» Your task
Transcribe the data in full and exactly, omitting any pictures.
Data block START
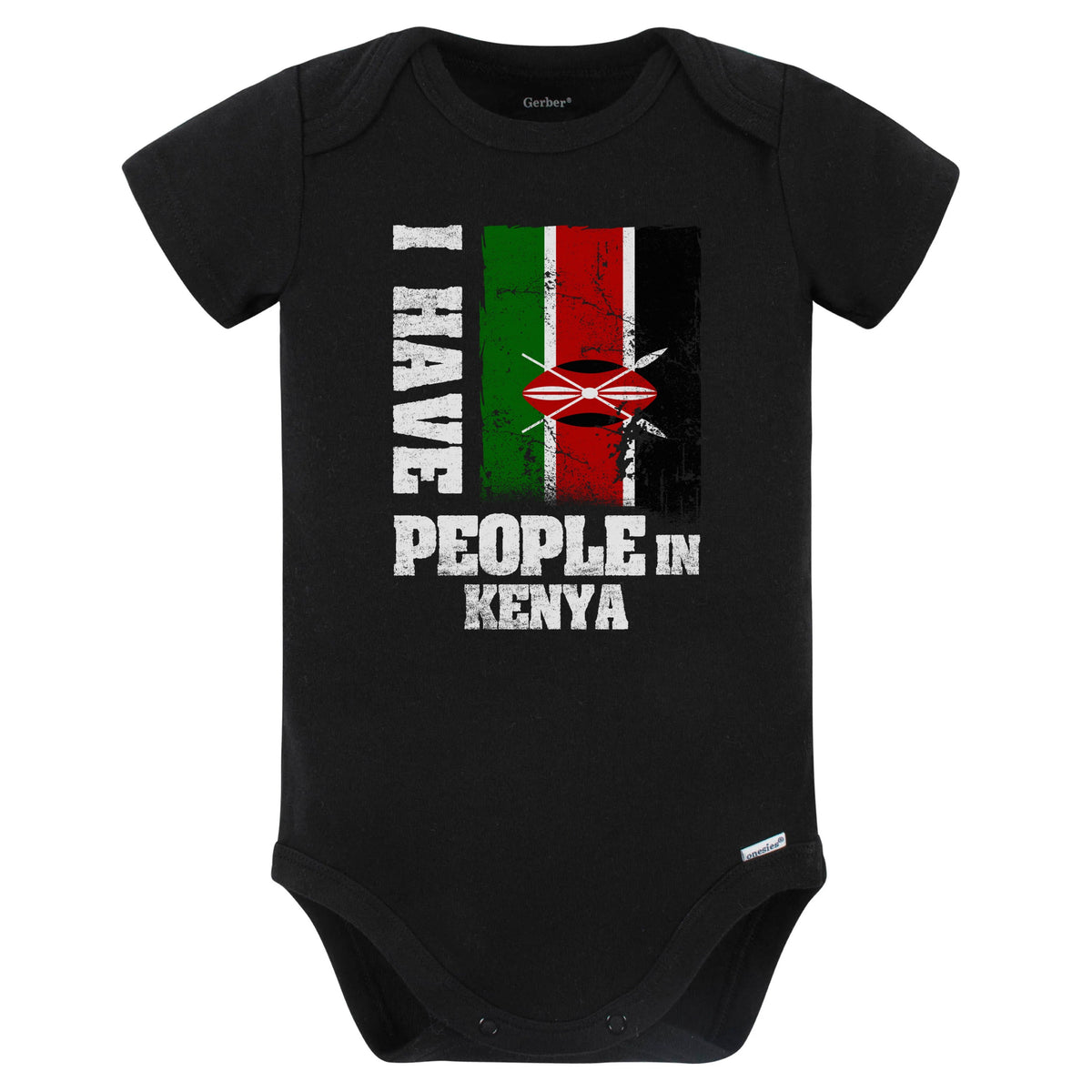 I Have People In Kenya Kenyan Flag Baby Bodysuit (Black)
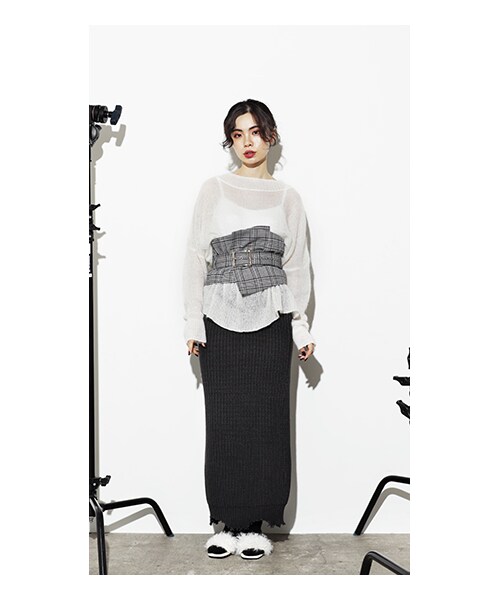 CHEER CLOSET（チアクローゼット）の「【るうこ】ルーズロングニットトップス（ニット/セーター・レディース・ピンク/ホワイト/ブラック・F）」の2枚目の写真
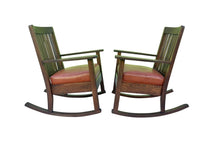 Load image into Gallery viewer, Pair of Antique Arts &amp; Crafts Tiger Oak Rocking Chairs With Orange Leather Seats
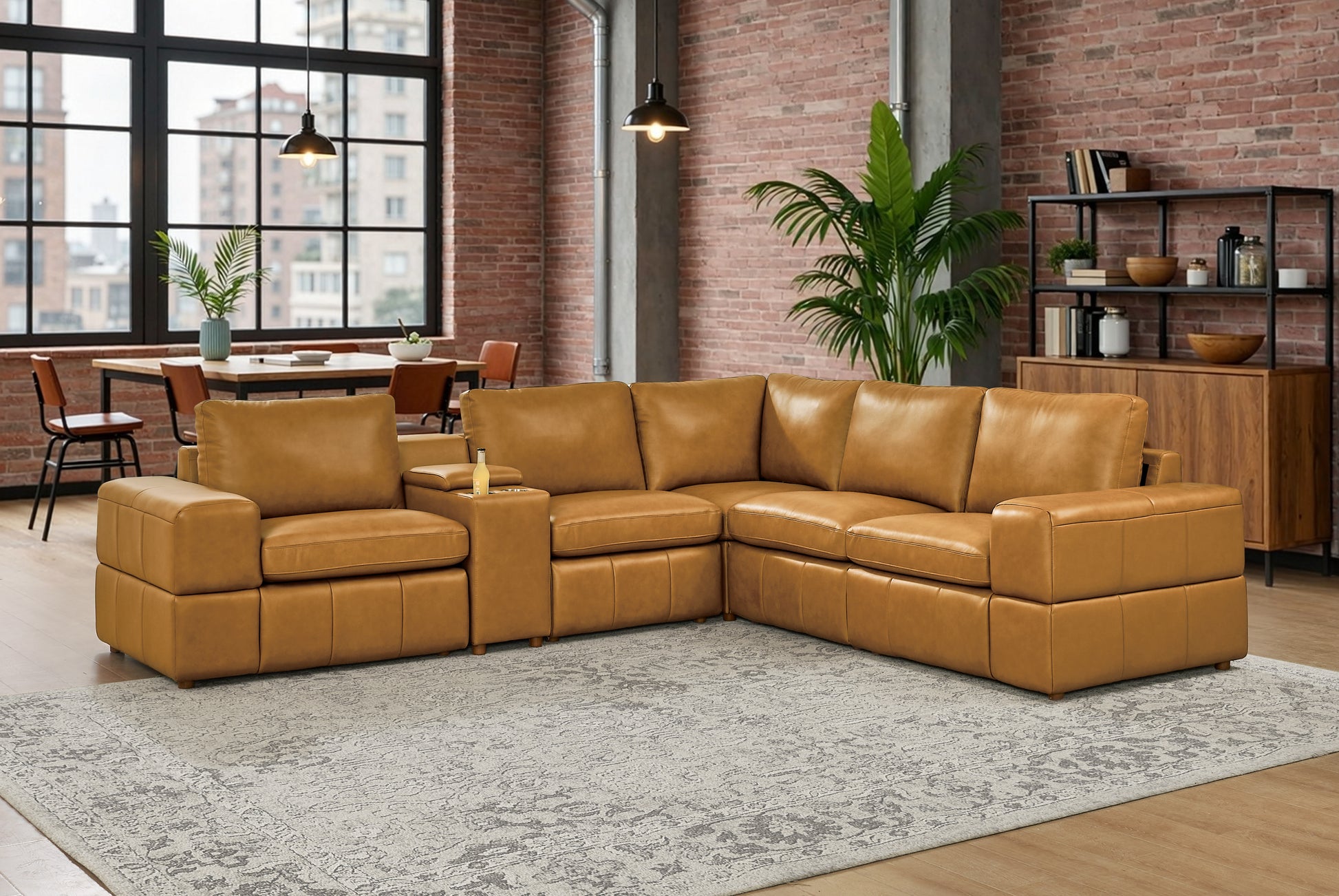 Large Arm Leather Match Upholstery Modular Sectional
Data block END
» Your solution
 I Have People In Kenya Kenyan Flag Baby Bodysuit (Black)
 CHEER CLOSET（チアクローゼット）の「【るうこ】ルーズロングニットトップス（ニット/セーター・レディース・ピンク/ホワイト/ブラック・F）」の2枚目の写真
 Load image into Gallery viewer, Pair of Antique Arts &amp; Crafts Tiger Oak Rocking Chairs With Orange Leather Seats
 Large Arm Leather Match Upholstery Modular Sectional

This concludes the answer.